Become internally aligned
One of the most important characteristics of a profitable pricing program is one that I refer to as "internal alignment." Internal alignment means that everyone in the company, including top management, sales and marketing personnel, accounting, production employees-all the way down to your delivery drivers-understands your company’s philosophies and goals with regards to pricing your products.
Everyone in your shop needs to be on the same page so that daily decisions are consistent with your corporate pricing strategies. Too often, management has specific pricing goals they wish to meet, but they then neglect to share their goals with anyone else in the company. As a result, sales and marketing, production, management, and accounting may all be going different directions and your pricing strategy becomes misaligned.
Begin the process of alignment by deciding on a pricing strategy. You may wish to be the low-price leader in your market place. Or, on the other hand, you may price your products at a premium and sell on high quality and great service. Most of us will typically find ourselves competing somewhere in-between these two pricing strategies, depending upon the job. Nonetheless, it’s critical that all employees in your company understand what you are trying to accomplish with your pricing. Whatever your decision may be, share it with your troops. Whether it’s your overall pricing approach or a specific job that requires specialized pricing, keeping all your people in the loop with all details of the job-including pricing-will keep everyone on the same page.
Here’s an example: Months ago, I had a couple of our senior production staff approach me with concerns about us re-doing a job for a relatively new and premium client. They felt that the quality was sufficient the first time around and that the new client was perhaps taking advantage of us. I realized that they didn’t understand our pricing relationship with this client or just how important this client was, so I shared with them that this was a premium client that demanded the highest quality possible because of the product’s high visibility. I then showed them how the job’s pricing reflected that higher level of service. Immediately their attitude changed and they became determined to make sure the job was flawlessly produced.
Secure the bottom line
The second key to profitable pricing is understanding the costs of your business. Each job in your shop should be analyzed to determine whether or not the order is a profitable order. This requires knowledge not only about material costs and labor costs, but also overhead charges, related sales and marketing expenses, and any other costs that may be associated with the order. Additionally, you must comprehend the relationship of your company’s fixed costs and overhead costs to each job as it is priced.
Only by understanding the cost structure of your business can you determine whether your price is high enough to generate overall profits to the company’s bottom line.
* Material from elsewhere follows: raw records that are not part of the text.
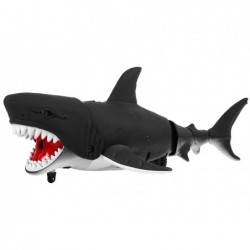Infrared Remote Controlled Black Shark Moves Tail Water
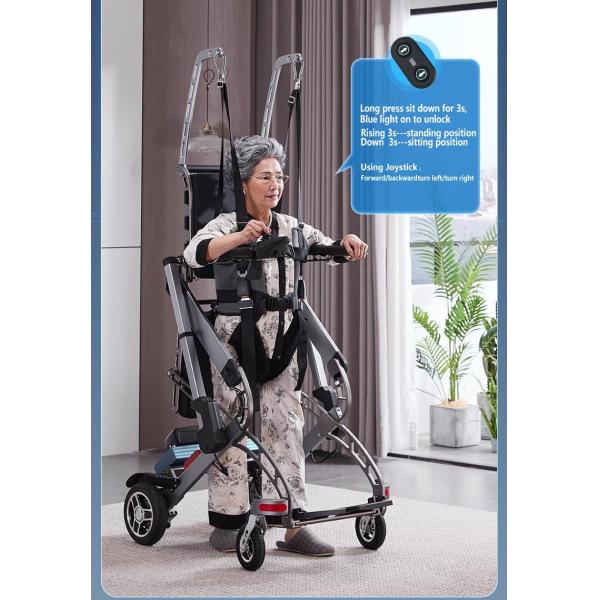 Fauteuil roulant électrique multifonction européen pour adultes, pour la marche assistée et la rééducation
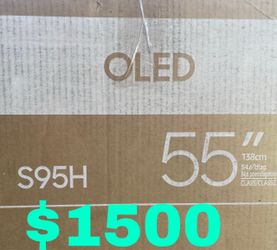 SAMSUNG 55” S95H OLED 4K — NEW OPEN BOX 2026 model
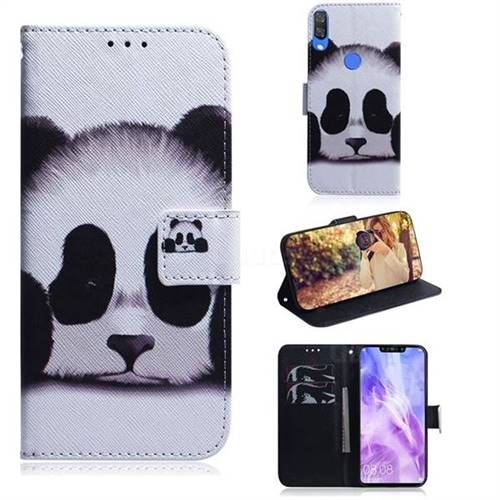 Sleeping Panda PU Leather Wallet Case for Huawei Nova 3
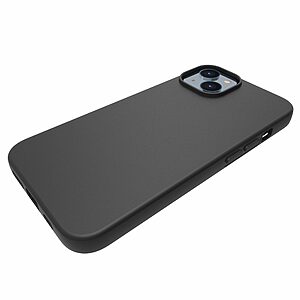 Θήκη iPhone 14 OEM Matte Premium v2 Πλάτη με ημίσκληρο TPU μαύρο - Image 5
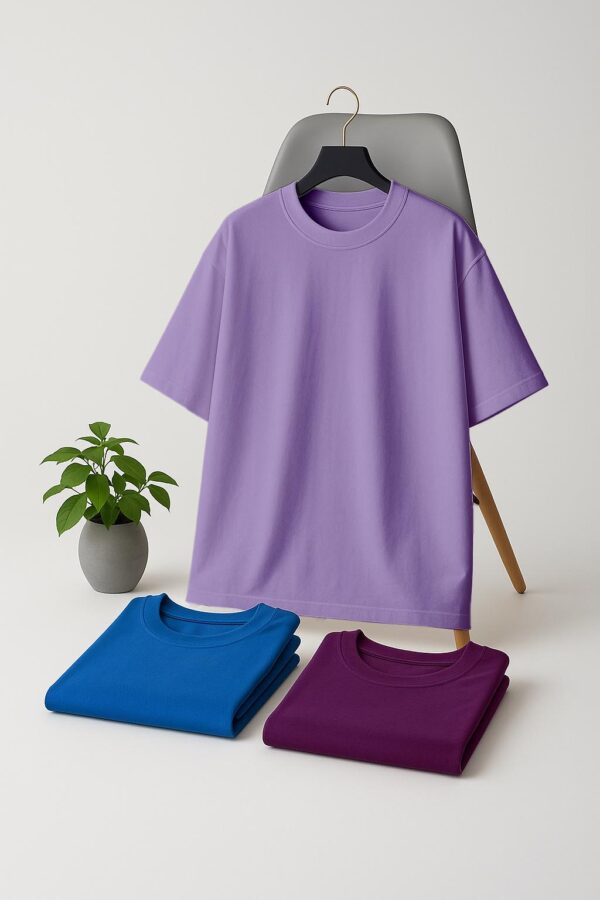Oversizesed(100% Single Jersey) –Lavender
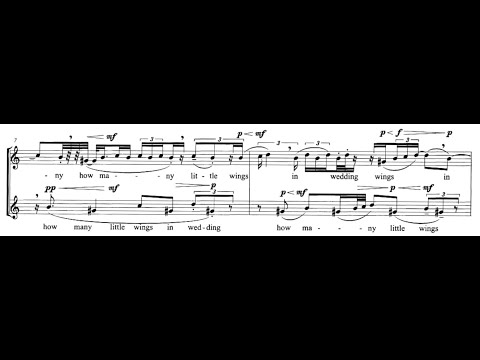 Pascal Dusapin - Two walking (1994) cinq pièces pour deux voix de femmes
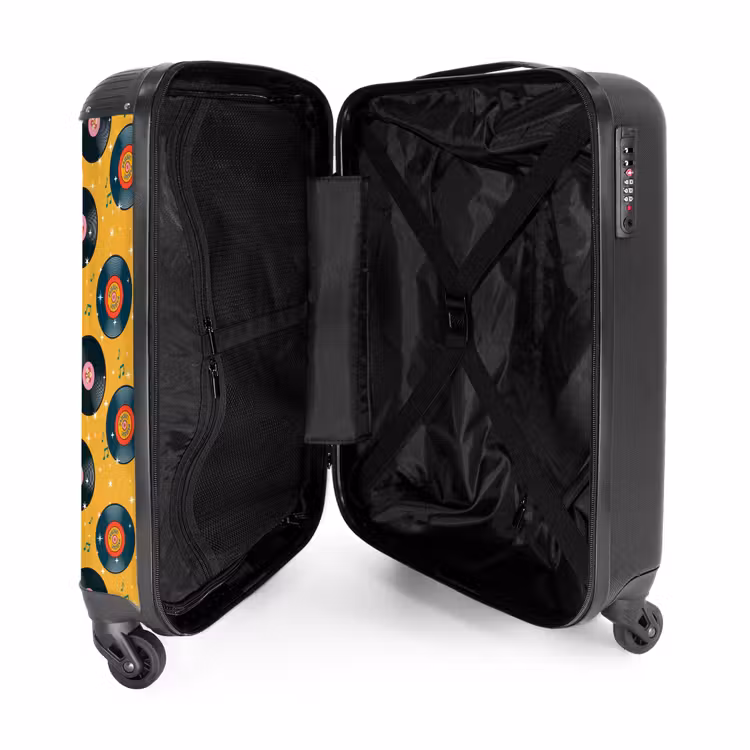 Suitcase - Retro disco plates pattern colorful — 3
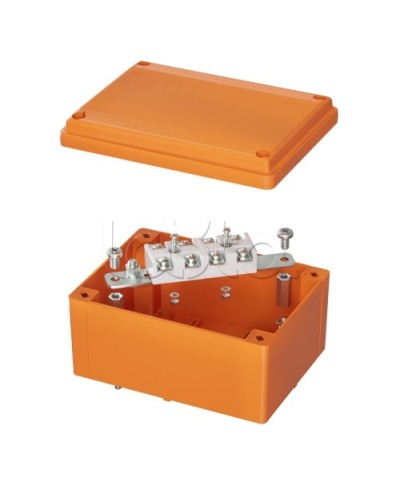 Коробка пластиковая FS с гладкими стенками и клеммниками IP56,150х110х70мм DKC (FSK20410) в Липецке Распределительные коробки Pintop.ru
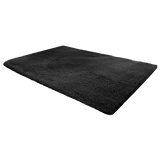 darrahopens Home & Garden > Home & Garden Others 230x160cm Floor Rugs Large Shaggy Rug Area Carpet Bedroom Living Room Mat - Black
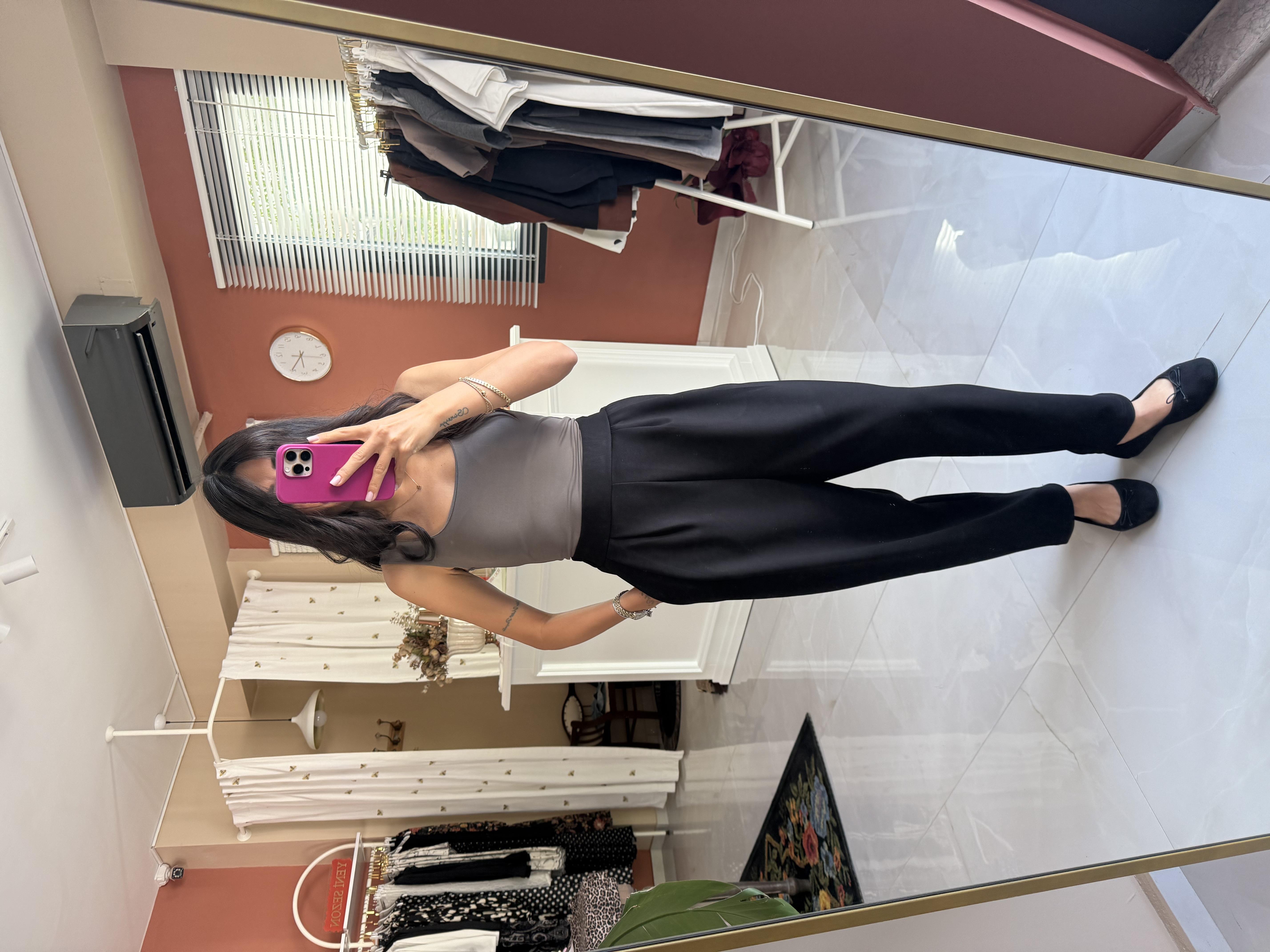 Siyah Modal Şalvar Pantolon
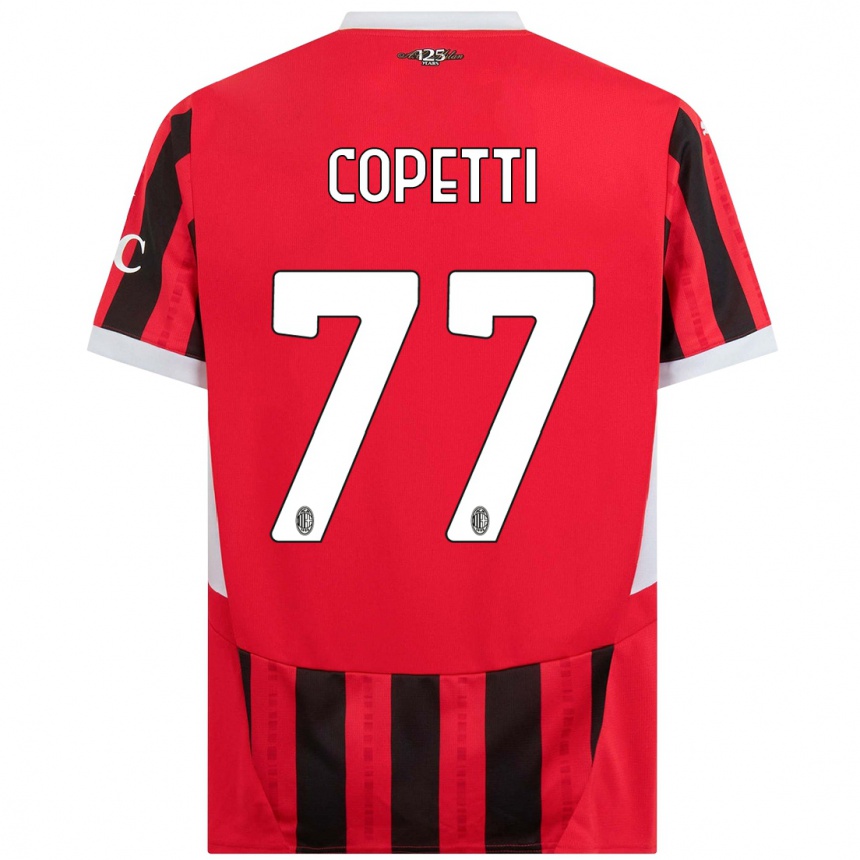 Mujer Fútbol Camiseta Matilde Copetti #77 Rojo Negro 1ª Equipación 2024/25 Argentina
Too many companies base their pricing on what they perceive the market will bear or perhaps they simply match a competitor’s price without regards to the cost of the order or the overall costs of doing business.
I can demonstrate the relationship of pricing to the costs of your business in a discounting example: Let’s assume that you have decided to target an 8% return to your bottom line as a corporate goal and your pricing is structured as such. In an effort to secure a large job, however, you offer your customer a 10% discount off your $20,000 price, thus dropping it down to $18,000. While this strategy may secure the job, you now have to figure out a way to make up the lost $2000, all of which came straight off the bottom line. Let’s further assume in our example that you have four additional jobs you are bidding on that would typically average $5000 in price. In order to make up the income lost in the discount for the previous job, you will have to mark up these four jobs to $5500 each-certainly, this now becomes a tougher sale to make versus the discounted sale to your other customer.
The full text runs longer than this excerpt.